Longmire has been on my radar for some time, but due to the flood of procedurals we have covered during the summer television season, I wanted to cover some other genres before I took on this series. With a bit of distance between me and my last crime drama (a whole two weeks!), I’m ready to jump into Longmire.
The series follows the exploits of Sheriff Walt Longmire (Robert Taylor) of Absaroka County, Wyoming, an old-school lawman who has spent the last year mourning the death of his wife and not much else. Throughout the episode, the deputies of Absaroka County — especially sheriff-wannabe Branch Connally (Bailey Chase) — make it abundantly clear that Walt hasn’t been around much and when he has been around, he hasn’t actually done much of anything. The pilot has Walt getting back in the saddle and solving the murder of a man he’s never seen before (a rare occurrence in Absoraka).
While Walt is clearly the main character of the series, we’ve got a few other major characters to discuss here. First and foremost, we’ve got his trusty deputies: Vic Moretti (Katee Sackhoff), ‘The Ferg’ (Adam Bartley) and our good friend, Branch. Vic is the newbie of the deputies, having transferred from Philadelphia six months ago, but she also seems to be deputy that is closest to Walt. She’s like Starbuck on land with a little less rebel in her, but with just as much sass. Not much is known about ‘The Ferg’ from the pilot, except for the fact that he’s called ‘The Ferg’ and seems to be an agreeable fellow. Branch, on the other hand, is being set up to be Walt’s workplace antagonist. Unhappy with the out-of-date stylings of Walt Longmire, Branch decided to start campaigning against Walt for Absaroka’s sheriff on the next election without telling him — too bad (for him) Walt sees a sign on the outskirts of the county when he goes to notify next of kin for the episode’s murder victim.

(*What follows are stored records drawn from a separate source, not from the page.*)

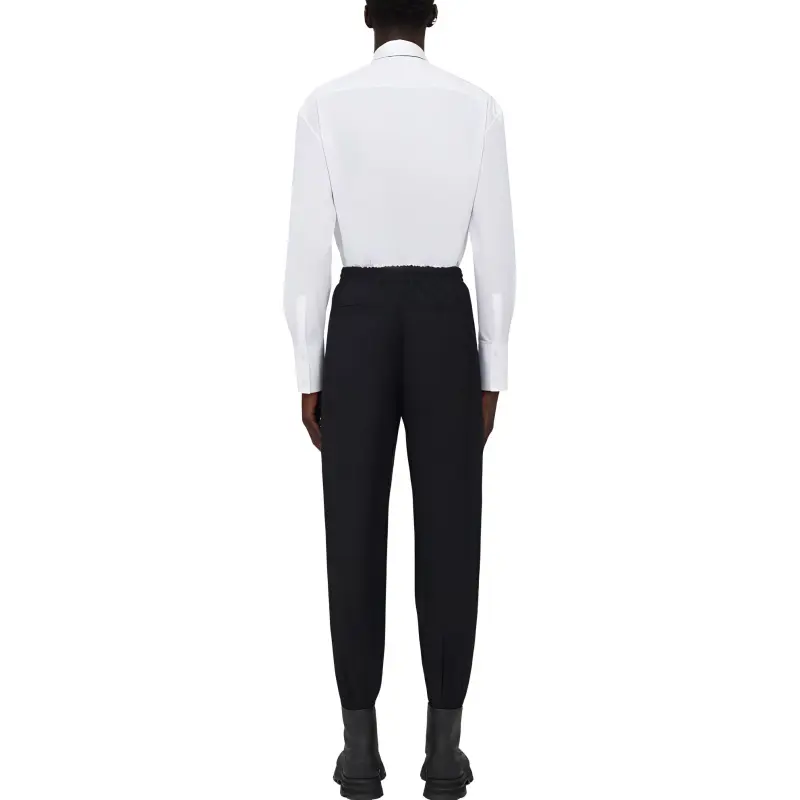 Alexander McQueen Elasticated Waistband Tapered Leg Trousers-2
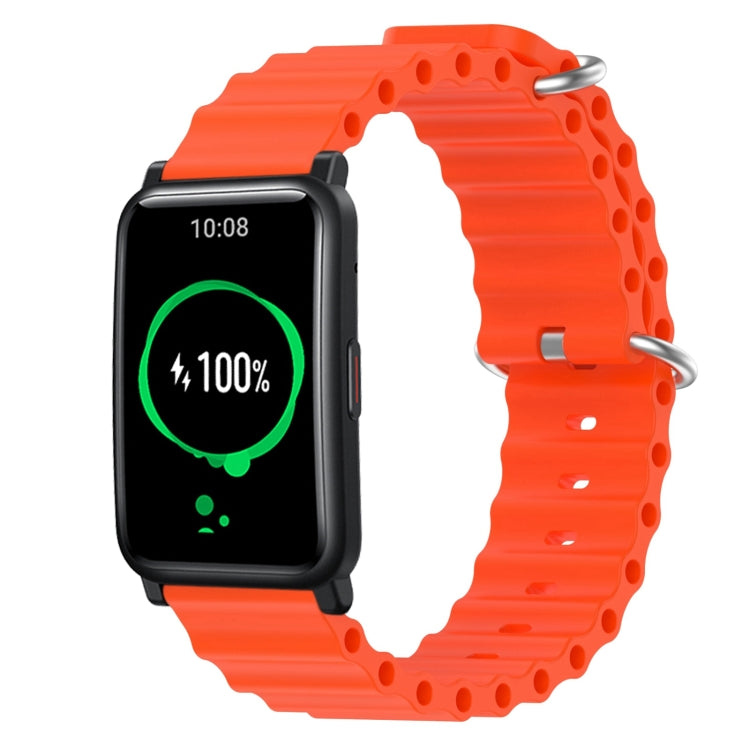 For Honor Watch ES 20mm Ocean Style Silicone Solid Color Watch Band
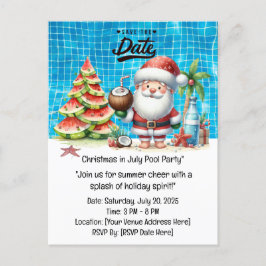 Jul i juli med JULTOMTEN Spara datumet Vykort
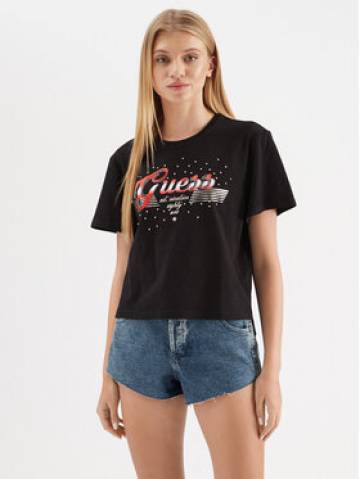 Guess Футболка Logo W3GI33 KB3P0 Чорний Boxy Fit Guess Футболка Logo W3GI33 KB3P0 Чорний Boxy Fit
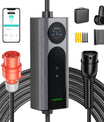 NOEIFEVO Q21W Wlan Mobil Wallbox 11kW med APP fjernkontroll, 5m/10m Type2 CEE16A 3Fas ladekabel elbil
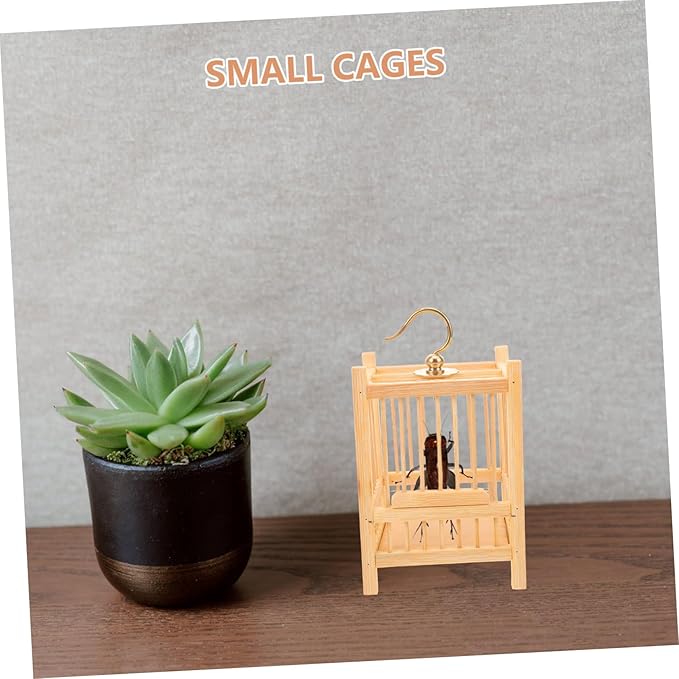 Totority Square Critter Breeding Cage for and Crickets Compact Habitat Box Enhanced Hook for Easy Observation and Transportation
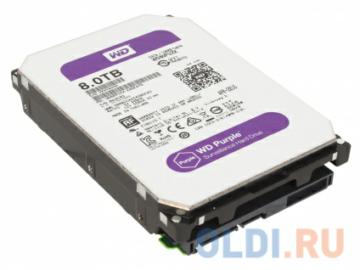   8Tb Western Digital WD80PUZX Purple SATAIII &lt;3.5, 128Mb, 5400rpm&gt;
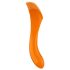 Satisfyer Candy Cane - genopladelig, vandtæt dual vibrator (orange)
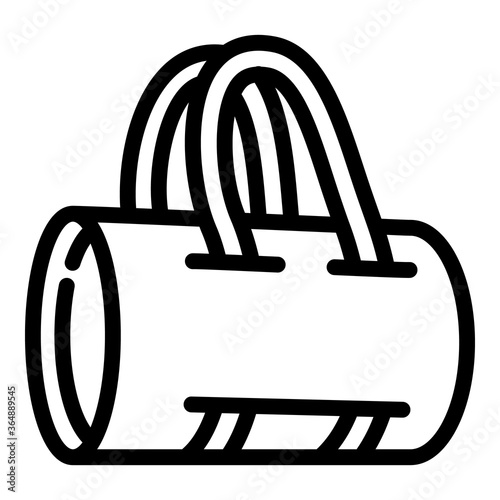 Sport bag icon. Outline sport bag vector icon for web design isolated on white background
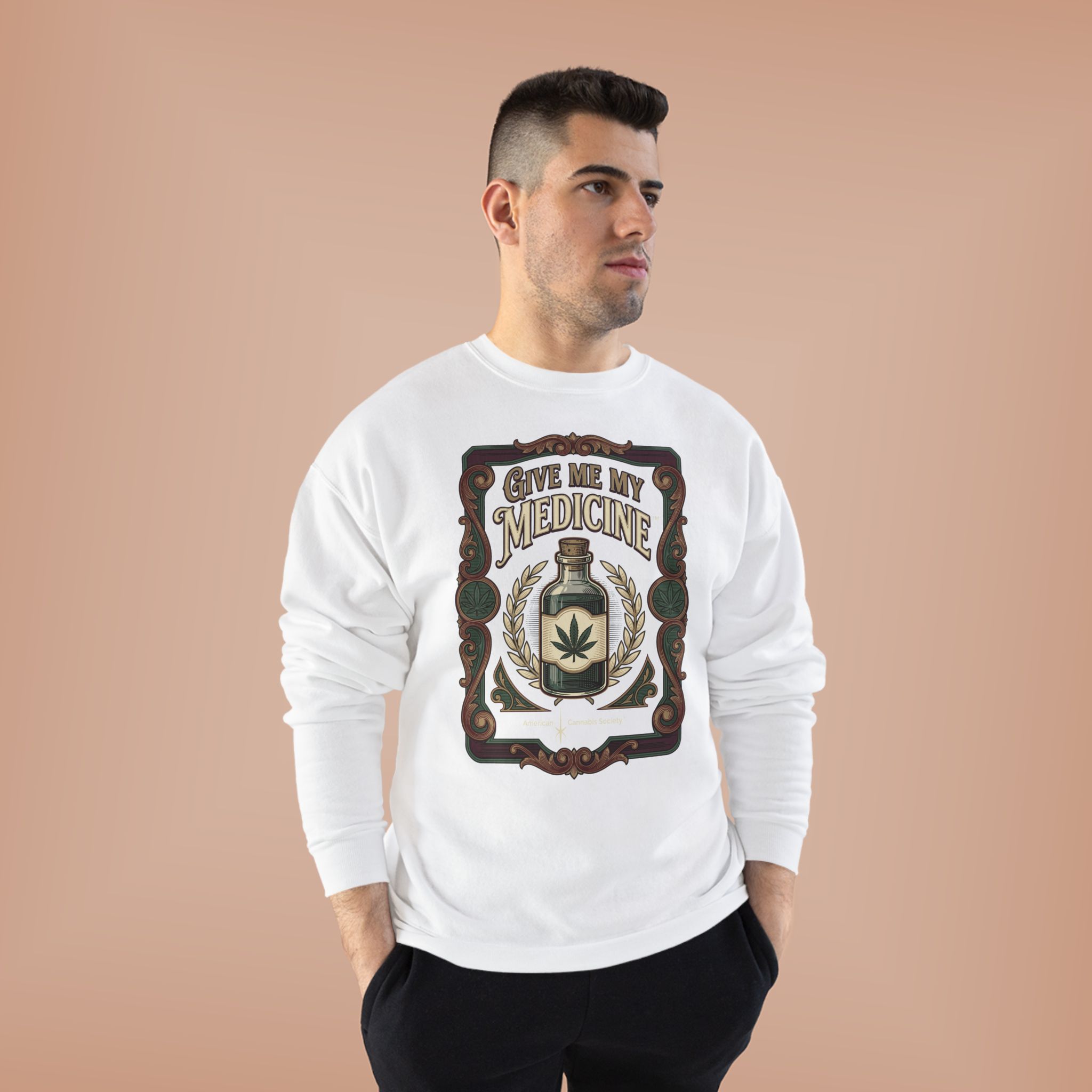 Give Me My Medicine™ Crewneck Sweatshirt – White, view 4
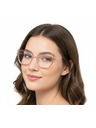 VEYREY VeyRey dámske cat-eye dámske okuliare blokujúce modré svetlo Glish zlatá obruba čiré sklá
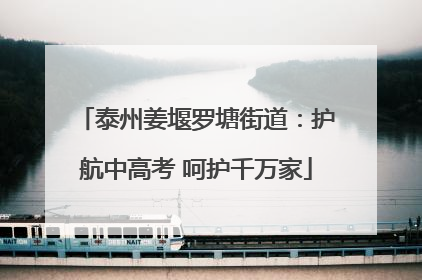 泰州姜堰罗塘街道：护航中高考 呵护千万家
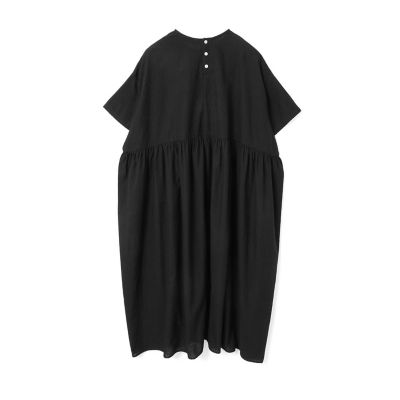 ｍｉｚｕｉｒｏ　ｉｎｄ　カットジャガードクルーネックギャザーワンピース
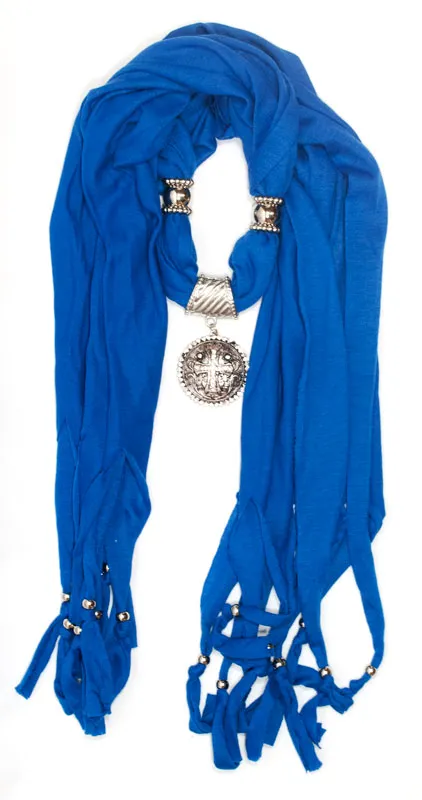 Ladies Studded Cross Pendants Fashion Scarf Wholesale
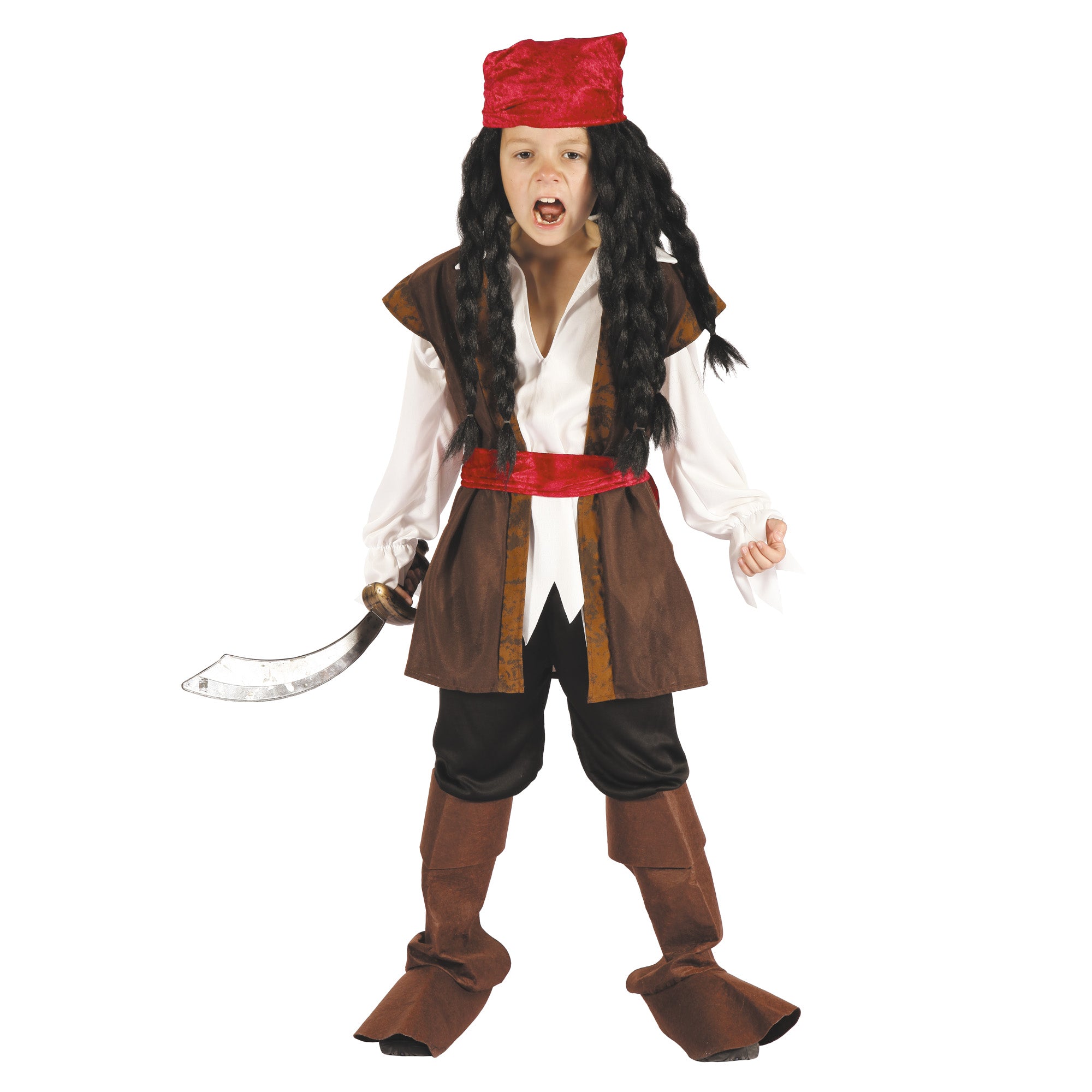 COSTUME PIRATE JACK 7-9 ANS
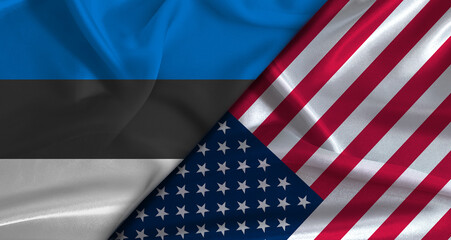 Obraz premium Bilateral relations between Estonia and United States. Diplomatic relations between United States and Estonia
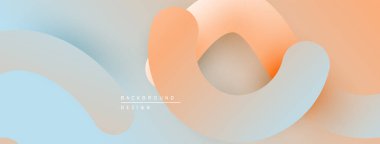 Soyut sıvı şekiller, pastel renkler düzgün bir şekilde harmanlanır. Yumuşak gradyanlar modern arkaplan tasarımı yaratır. Minimalist estetik, rahatlatıcı görsel deneyim.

Branch isn’t the only long-term antagonist for Longmire, though. It appears Absaroka County is home to an Indian Reservation whose police force doesn’t care for Walt much. Apparently, prior to the series, Walt arrested their police chief for extortion. Whoops. Luckily for Walt, he has a good friend in Henry Standing Bear (Lou Diamond Phillips), who assists him with any dealings he needs to make on the reservation.
Longmire, like many police procedurals, lacks a good Big Bad, but hopefully it will be able to keep my interest without one. The main cast of Robert Taylor, Lou Diamond Phillips and Katee Sackhoff seems to work well. I can see a “Bill Adama-Kara Thrace” kind of relationship between Taylor and Sackhoff, which worked very well in Battlestar Galactica, and I think will work very well in Longmire.
Like Rome, I got into Longmire to fill a void left by one of my favorite series being over for the year. So far, I’m content with the job it is doing with my western-theme crime drama fix. Longmire might not be as action-oriented as Justified, but Walt is just as emotionally-damaged and badass as Raylan. That must be why Country music is known for being comically over-the-top in their lamentations: all of their cowboy heroes carry their own weight in emotional baggage.
- Rating: “Content.”
- Comment: Longmire is a western-style police procedural which doesn’t seem to offer anything special, but I’m fond of westerns and will probably stick with the show for awhile.
- You might like Longmire if you like: classic westerns; Justified, but wanted something a bit slower; Walker, Texas Ranger, Battlestar Galactica (mostly because of Katee Sackhoff, but both shows shun technological advancement!)
Longmire finished its second season (yesterday) on A&E, but you can catch up on the first season on Netflix.